First of all, we must remember, that photogrammetry required not silhouette of object but surfaces itself with details (textures).

Now let’s imagine simple chair:
It have surfaces that points top, sides and bottom.

So we Must Have at least 1 image directed toward to the every surface.

And not less than 2 images in 10–15 degree to first camera.

Central camera will give you perfect texture. Other two with will give clean Depth maps for this Central camera (and later clean Dense Clound) that required for calculation 3D topology.

And this must be for Every surface you want scan! Every surface in ideal condition must have 3 shots.

But if we have surfaces that attached in high degree (90 degree like in example) we need additional images shot for “stitching” Dense Clounds in angles between main camera triplets.
Like this.

“Final” scheme will looks like this:

So we have 15 camera only for 3 surfaces!

Ok, in real world with good camera like Nikon D810 and good lens we can “cheat” and use only 5 camera.
But for this example with 3 surfaces at 90 degree all, even from D810 result will be not perfect.

So i can’t recommend shoot less than 11 images

or this will be not enough data for clean depth maps->dense clouds-> mesh, textures, and as result final topology will have less details or will have problem in topology (especially if object have weak surfaces).

And now if we see any nice object that we want to scan, we can plan where and how many images we should have for clean topology and textures.

Also we should remember about real camera and lens. Them can have DOF, aberrations, non linear distortions (last two problems common for area near corners and edges of photo). So real, good data from image is about 75–80% (sometime less) in center of image. And all this can required additional images for good 3D reconstruction.

After this post, i receive another question about “about a flat / rock, bumpy/ wall”. And my scheme about camera triplets can confused if we want scan “flat” surfaces.
And I see that i did not explain how depth maps calculation part of MVS is working.

So i do this on “scanning flat surface” scenario.

We have two camera looking towards to wall. And distance between this 2 camera have about 60–70% overlap.

Light red area where we have “stereo” information and can reconstruct depth.
As you can see, this is only 60–70% of image we took with 1 camera.
So we can reconstruct only 70% of depth maps on every camera.

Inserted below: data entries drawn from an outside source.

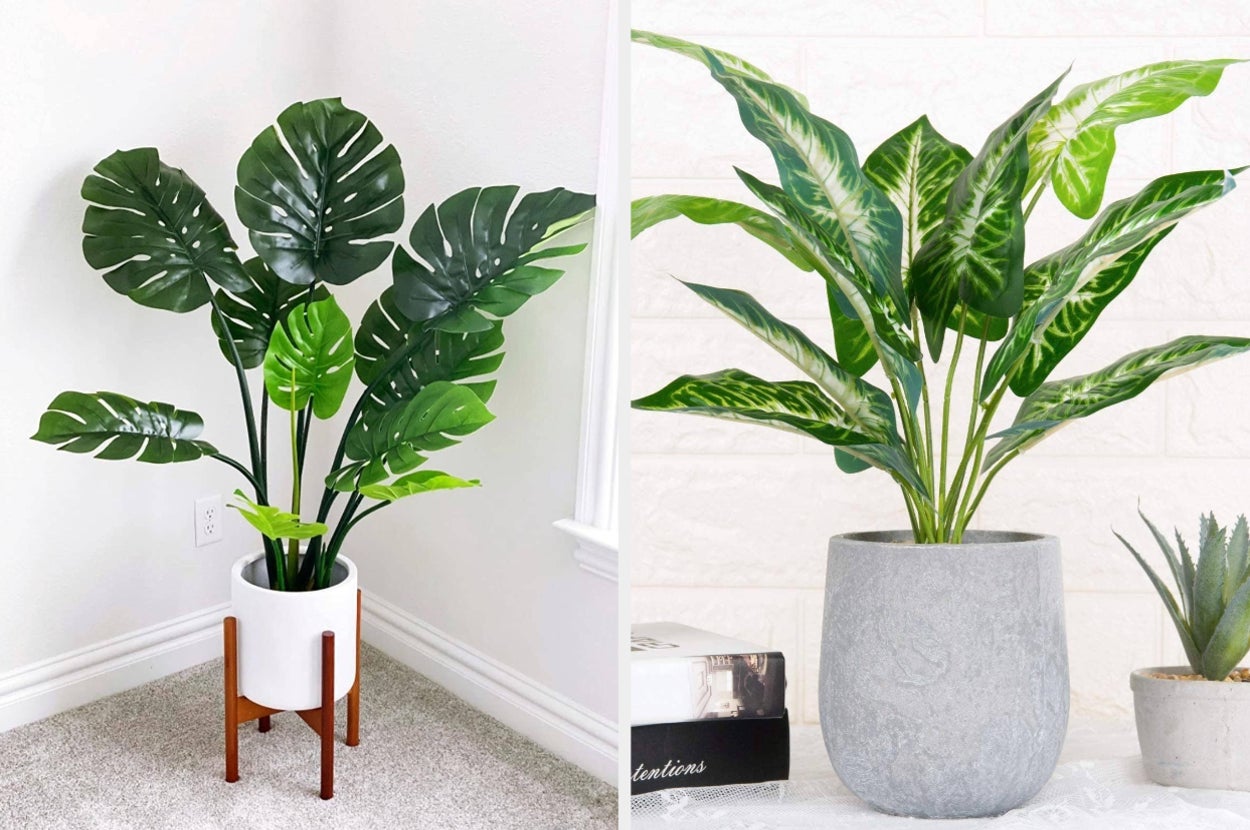 20 Faux Plants On Amazon That Reviewers Truly Love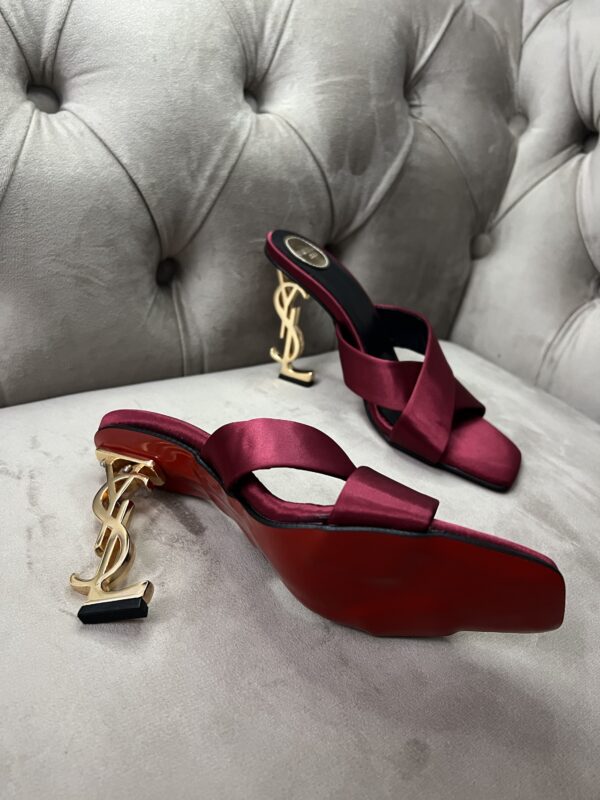 Sabot YSl satin Lux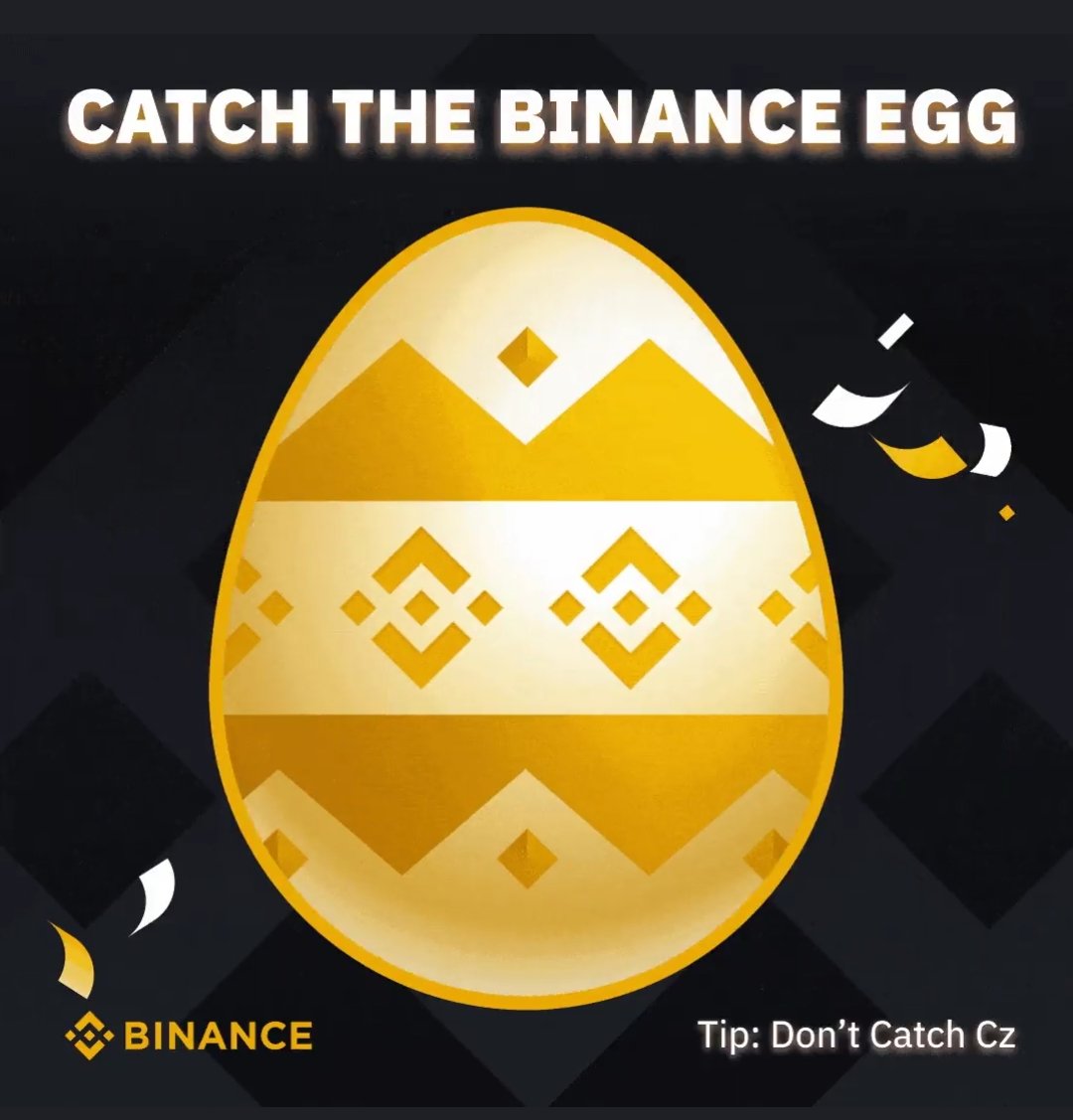 iVPCrypto's tweet photo. @binance Catched it #BinanceEggHunt https://t.co/dC2uBtItCq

For reconstructing full wall depth we should take images with overlap enough for reconstruct all surface depth data without any gaps.

Here we have central camera and two “side” camera. In camera #1 we can recreate 100% of Depth. In cameras 2 and 3 only 70%.

But don’t forget that in real image due to real sensor, lens distortions, focus etc., we can “trust” only central part of image. And depend on camera, lens, and other conditions this can be only about 50~80% crop.

That’s why any photogrammetry software recommend take photos with 60–80% overlap for good results.